Парк имени Пушкина, заведение в виде шале под названием «Раки», каждый клочок земли — каскад ассоциаций. Сейчас по городу расставлены чипованные тротуарные плитки, встаешь на такую, включаешь в мобильнике Интернет и можно увидеть, какой была эта местность лет двадцать назад.

Да, того города уже нет и не будет. Но и тоски-печали ни малейшей. Все идет как идет. Катишь по улицам, квазимодно отражаешься в хайтеке, а навстречу дивные барышни. Прогулка по студенческому этому городу в летний день — как шествование по коридорам модельного агентства. Все многообразие поволжских национальностей смешивается тут, на периферии, концентрируется и выгодно подает себя дамским, сногсшибательным эффектом.

Окраинные спальные части обросли по местным меркам небоскребами. Девяти- и шестандацатиэтажки поглощают частный сектор, как стоголовая гидра. А ведь еще недавно, каких-то лет десять назад, на тенистой улице можно было застать мужика с баяном и его супружницу, выводящих «по диким степям Забайкалья» или мордовское что-нибудь, где ничего не поймешь, а сердце как будто на качелях. Не, не праздник, просто вечер, чего не попеть после ржавого будня?

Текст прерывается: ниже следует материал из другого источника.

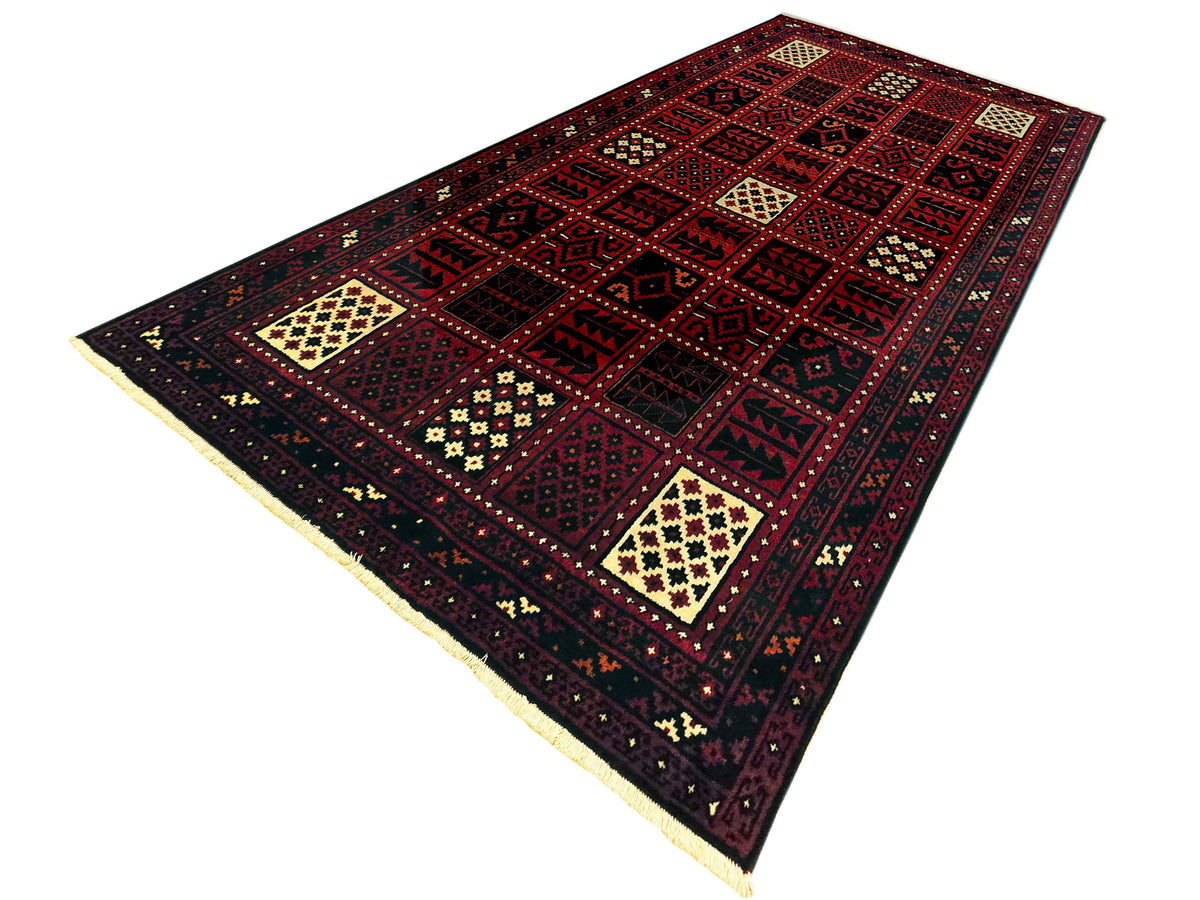 Persian-style area rug with dark red geometric pattern, cream accents, and decorative border.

Нынешний Саранск — это не какой-нибудь самодостаточный Новосибирск или Екатеринбург, не говоря о Владивостоке. Он — понтующийся, закомплексованный тип, над национальной принадлежностью и этническими повадками которого долгое время глумились проживающие тут же. Теперь он компенсирует это, с диким рвением приписывая себе в земляки то знаменитых хоккеистов, то актеров. И обязательным обучением мордовскому языку в школах. А псевдомосковские нахрапистость, показуху позиционирует как умение жить.

Аборигены тут при встрече не преминут щегольнуть фактом, что здесь, в 13-м регионе, одна их самых низких зарплат по стране. Но в разгар рабочего дня чего-то не протолкнуться у торговых центров от нехилых иномарок, рестораны к вечеру забиты до отказа.

У всех какой-то свой хитрый шурум-бурум.

Однако стоит потолкаться в троллейбусах, как с удивлением обнаруживаешь, что людей, у которых в сердце по-прежнему превалирует некий негласный простодушный кодекс чести, все же куда больше.

Собор флотоводца преподобного Федора Ушакова. Чуть ниже – памятник патриарху Никону. Вид для открытки. А недавно тут стояли гостиница «Центральная» и кинотеатр «Октябрь». В нише перед входом отбрасывал на стену причудливую тень барельеф вождя пролетариата. Тот же фотограф Юрий Николаевич однажды сделал шедевральнейший и ценичнейший снимок. Ленин был снят "рыбьи глазом", в углу виднелась афиша, на которой аршинными буквами значилось «По прозвищу Зверь».

Мы с товарищами хаживали туда к киномеханику Сергею Иванычу. Пока крутилась бобина, они с ассистентом Миронычем раскладывали на газетке, вышибали употребленным друг у дружки слезу. И Сергей Иваныч заговорщицки шептал:

— А давай щас вместо третьей части этой нашей муры че-нибудь итальянское воткнем. Вот «Профессия — репортер», например. Душевный парень этот Николсон! Пусть посмотрят. Человека надо иногда носом ткнуть, чтоб красоту увидал. А то ходит...

И через несколько минут через окошко с тугим синим лучом можно было смотреть на этого Николсона:

— Что ты видишь? - спрашивал его герой Локк.

— Мальчика и старуху. Они спорят, в какую сторону идти. Не надо было приезжать.

— Что ты теперь видишь?

— Мужчина чешет плечо. Ребёнок бросает камни. И пыль.